Refik had already been jailed once for kidnapping and endangering Alisa’s life. We believed prison might finally sever his grip on us, that steel bars could contain his violence. But even locked away, his shadow seeped into our days—an invisible presence that haunted every silence, every sudden knock at the door.


At that time, I was in Zagreb, waiting for an interview that could secure my move to the United States. Alisa remained with our parents, finally able to sleep without the nightly terror of a knife at her throat. For the first time in years, she tasted peace.


I took my son and came to my parents’ home while I waited. For a month, we lived together as if time had rewound to our childhood. My mother prepared breakfast and coffee each morning, her voice soft as she woke us.

We gathered around the table for hours, talking and laughing, forgetting the darkness that had scarred us.


The smell of fresh bread, the clink of cups, the rhythm of our laughter was the most beautiful month of my life.

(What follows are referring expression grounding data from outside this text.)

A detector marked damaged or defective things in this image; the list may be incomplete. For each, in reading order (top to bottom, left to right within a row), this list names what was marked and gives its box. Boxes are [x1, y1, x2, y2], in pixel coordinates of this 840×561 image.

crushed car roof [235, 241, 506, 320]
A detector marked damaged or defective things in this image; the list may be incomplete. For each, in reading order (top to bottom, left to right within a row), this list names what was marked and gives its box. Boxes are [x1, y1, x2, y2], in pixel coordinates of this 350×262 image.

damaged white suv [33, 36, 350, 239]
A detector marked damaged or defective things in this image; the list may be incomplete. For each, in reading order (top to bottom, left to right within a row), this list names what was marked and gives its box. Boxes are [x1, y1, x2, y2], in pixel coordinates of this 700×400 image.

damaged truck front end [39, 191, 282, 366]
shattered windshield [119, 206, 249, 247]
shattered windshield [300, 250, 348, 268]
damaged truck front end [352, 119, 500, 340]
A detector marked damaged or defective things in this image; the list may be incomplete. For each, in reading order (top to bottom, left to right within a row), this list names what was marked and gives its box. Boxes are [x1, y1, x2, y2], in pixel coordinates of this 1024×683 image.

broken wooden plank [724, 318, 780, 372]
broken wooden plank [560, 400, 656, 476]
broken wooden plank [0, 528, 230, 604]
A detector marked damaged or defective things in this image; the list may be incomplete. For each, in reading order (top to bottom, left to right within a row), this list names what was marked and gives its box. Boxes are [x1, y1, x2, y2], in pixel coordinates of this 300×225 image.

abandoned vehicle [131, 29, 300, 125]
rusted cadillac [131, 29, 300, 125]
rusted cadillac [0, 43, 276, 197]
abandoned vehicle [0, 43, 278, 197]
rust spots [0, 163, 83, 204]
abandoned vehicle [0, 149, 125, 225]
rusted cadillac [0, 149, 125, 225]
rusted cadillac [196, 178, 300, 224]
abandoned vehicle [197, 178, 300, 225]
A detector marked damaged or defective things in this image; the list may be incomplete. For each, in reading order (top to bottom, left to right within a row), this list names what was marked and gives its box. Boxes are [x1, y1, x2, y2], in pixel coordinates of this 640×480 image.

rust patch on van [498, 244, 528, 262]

When my husband arrived to take us back, I felt torn. I didn’t want to leave that cocoon of warmth, but his joy pulled me away.


That fragile peace shattered with the fourth kidnapping.

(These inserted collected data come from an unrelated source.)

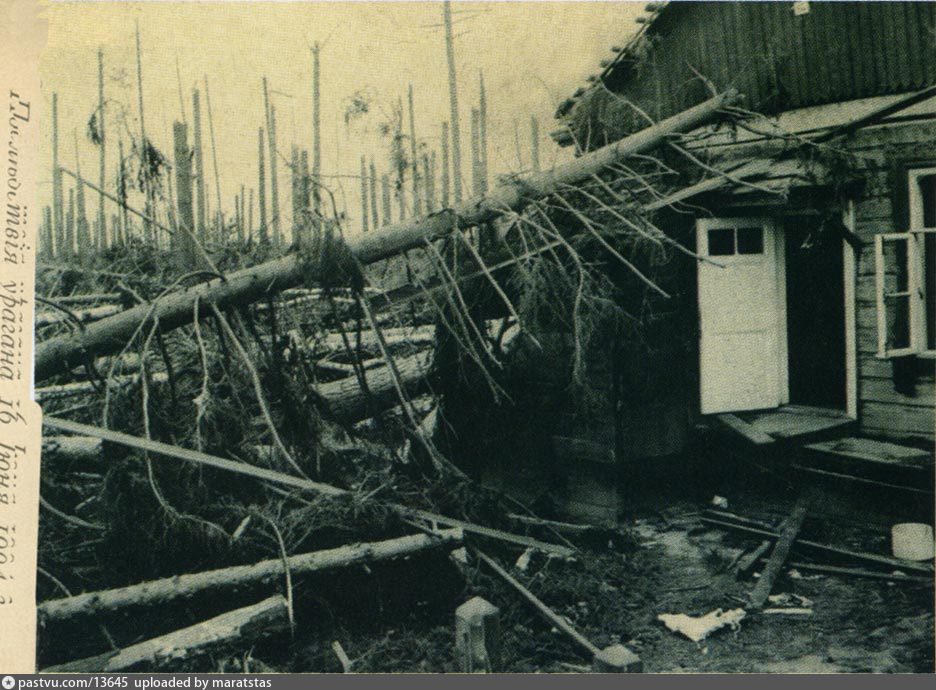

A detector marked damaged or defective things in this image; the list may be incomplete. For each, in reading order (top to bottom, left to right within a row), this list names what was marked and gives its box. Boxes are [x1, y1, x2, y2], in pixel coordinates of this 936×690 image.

damaged wooden building [440, 0, 936, 516]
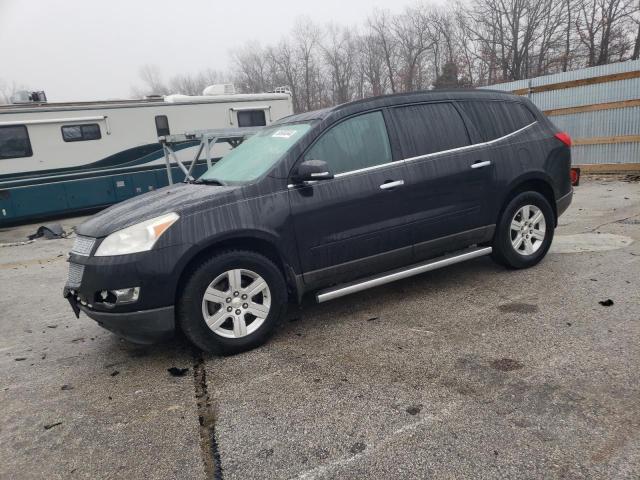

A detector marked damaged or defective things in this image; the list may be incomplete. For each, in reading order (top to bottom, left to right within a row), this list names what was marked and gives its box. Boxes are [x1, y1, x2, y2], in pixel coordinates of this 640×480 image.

crack in pavement [191, 350, 224, 478]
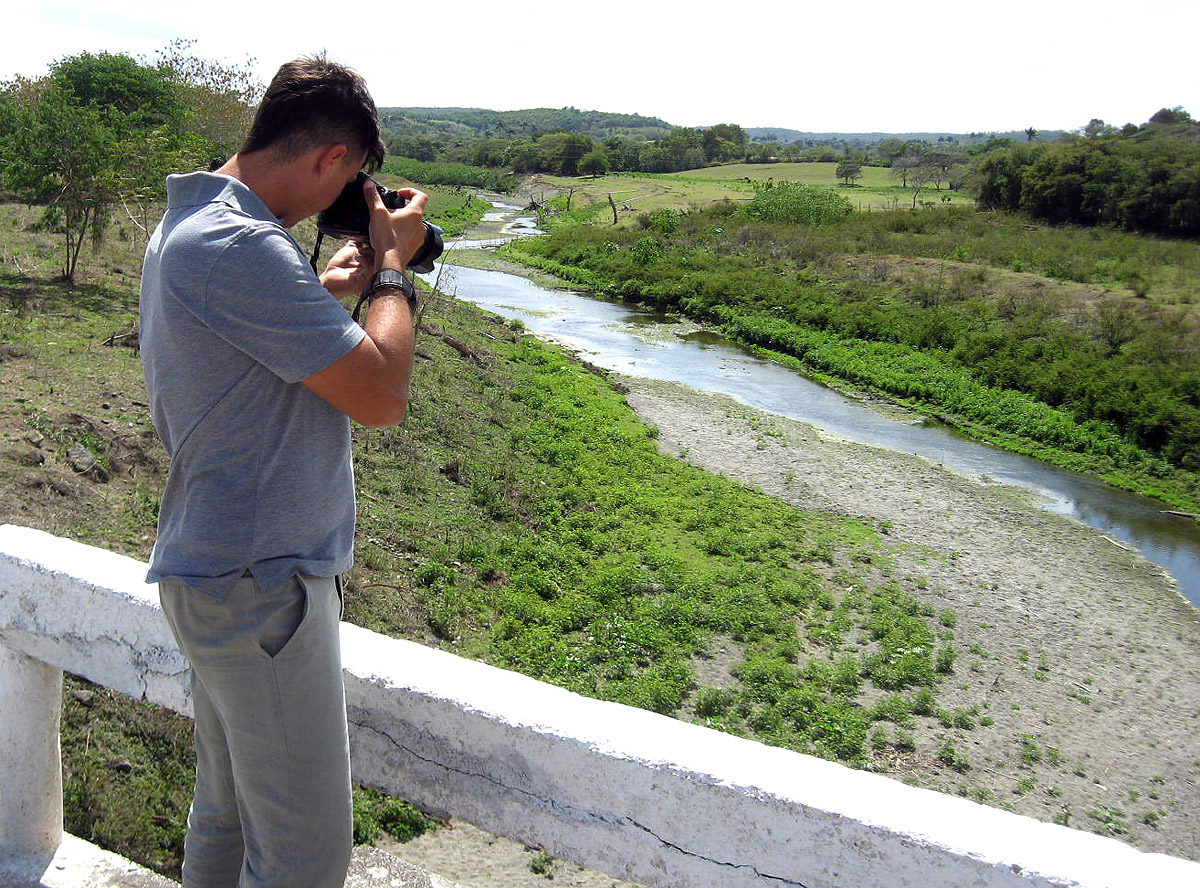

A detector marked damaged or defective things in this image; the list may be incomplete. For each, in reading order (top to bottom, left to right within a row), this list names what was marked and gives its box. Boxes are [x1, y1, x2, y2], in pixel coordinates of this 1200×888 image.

cracked bridge wall [2, 520, 1200, 888]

It carved into Alisa’s spirit in ways she would never recover from.


I remember the second kidnapping vividly—it happened from my own house.

The first and third blur in my memory, fragments are too painful to hold.


My mother tried to recount them, but I stopped her. The tremor in her voice was unbearable; I couldn’t let her reopen wounds that had barely begun to close.


Then Halid came.

“Our cousin.”


The man I had always suspected.

He arrived at the house with a chilling message. Alisa was to bring her son to Refik’s parents’ apartment. He claimed it was a judge’s order. Two hours of visitation. Supervised by police.


Trusting his words, Alisa entered the car with her child. As they drove, Refik emerged from beneath a blanket in the back seat.


A knife pressed against her throat.


The betrayal was complete.


Halid drove them to the Mihaljevice cemetery. Among gravestones and silence, Refik shoved Alisa out of the car and struck her in the stomach. She collapsed, gasping for breath.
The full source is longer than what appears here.